Quando não cuidamos, violamos o princípio de reciprocidade e deixamos de nos comprometer com um dos lados de uma interação. Para obter essa coerência, o Eu terá de reconhecer no ato de cuidar e ser cuidado o valor máximo da vida. Terá de modificar seus hábitos (senão vícios) quanto à percepção daquilo que é vantajoso e proveitoso e que equivocadamente parece relacionado apenas a seus próprios interesses.

   Uma antiga parábola conta sobre um homem que sonhava conhecer o Paraíso. Para sua surpresa, as pessoas não estavam num lugar idílico, repleto de prazeres e regalias, mas simplesmente estudavam conjuntamente. Não contendo sua decepção, o homem indagou: ‘Então isso é que é o Paraíso?’ De imediato, uma voz se fez ouvir: “Você se engana se pensa que os justos estão no Paraíso. É o contrário, é o Paraíso que está nos justos!”.

A qualidade máxima a que almejamos não se encontra em nenhuma forma de posse ou lugar externo, mas nas interações coerentes com a nossa vida interior.

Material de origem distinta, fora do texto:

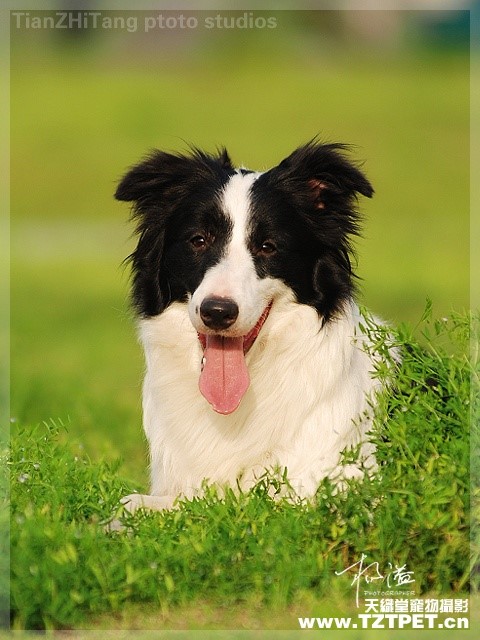 哪一种狗狗最贵,狗狗价格排行榜前十最贵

A incoerência e o descuido acontecem porque queremos controlar. Porque o controle é justamente a supremacia de uma das pontas sobre qualquer interação. E aquele que exerce o controle jamais conhecerá a paz ou o Paraíso. Quem abrir portas para a violência de suas incoerências será maculado pela falta de qualidade.

Nossa civilização tentou produzir modelos culturais que simbolizassem o cuidado. A primeira tentativa foi a de dizer que no universo há um Pai que cuida. Seguiu-se a essa metáfora a perspectiva do Filho que é cuidado pelo universo. Propôs-se também, como no Cântico dos Cânticos, a simbologia do cuidado representada na relação entre amantes.

No entanto, nenhuma perspectiva do cuidado foi mais poderosa do que a de Abraão. O impacto de sua visão chega a nós ainda hoje através das três grandes religiões do Ocidente. Sua fala era mais abrangente do que as imagens de cuidado presentes nas relações entre pais e filhos ou mesmo entre amantes: a coerência do cuidado não precisava existir em função de uma relação específica, e sim em todas as interações.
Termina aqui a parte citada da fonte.